The dagger is mounted without a hand guard, a style known asaiguchi (‘meeting of mouths’). The lacquered scabbard is of the finest quality gold makie (sprinkled) lacquer with low-relief decoration of flowering cherry blossom. The solid gold fittings, including the side-knife (kogatana), are likewise decorated with cherry blossom. The collar (fuchi) of the scabbard carries the signature Nori tsukuru (‘Made by Nori’). This may be the abbreviated signature of Sekizenjō Chikanori (Chikanori II), a swordsmith and goldsmith of the Meiji period.
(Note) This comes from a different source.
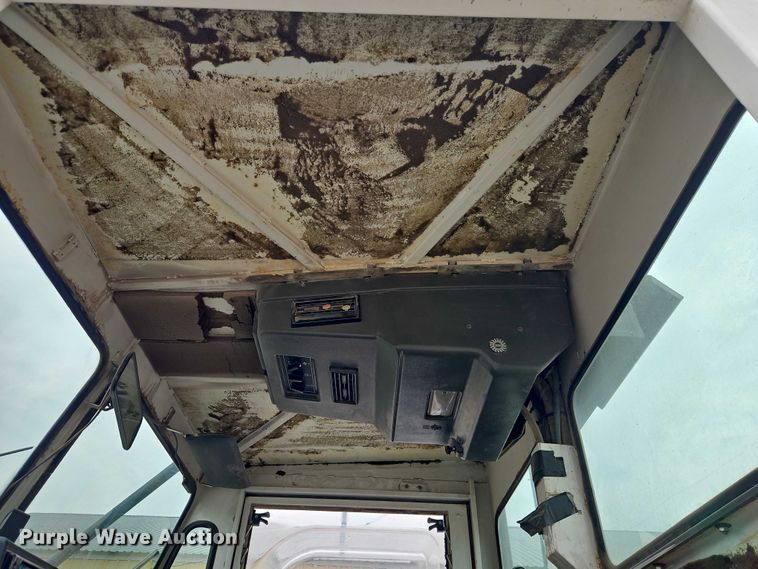 image for item EJ0121 2000 Elgin Pelican series P street sweeper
The blade is signed on the tang (nakago) with the two characters for Kanehisa. Although there were a great number of smiths who signed this way, the dagger is most likely by one of two smiths who operated in Seki in Mino Province (part of modern-day Gifu Prefecture) who worked around the period 1490–1504. The tang also has two fixing holes, which indicate that the blade has had several mountings. The blade is decorated with a carving (horimono) of a flowering branch of plum blossom and has a gold collar (habaki) decorated with fine and broad carved lines. There is evidence of fine grain on the blade and the tempering pattern (hamon) is an almost straight (suguha) misty line.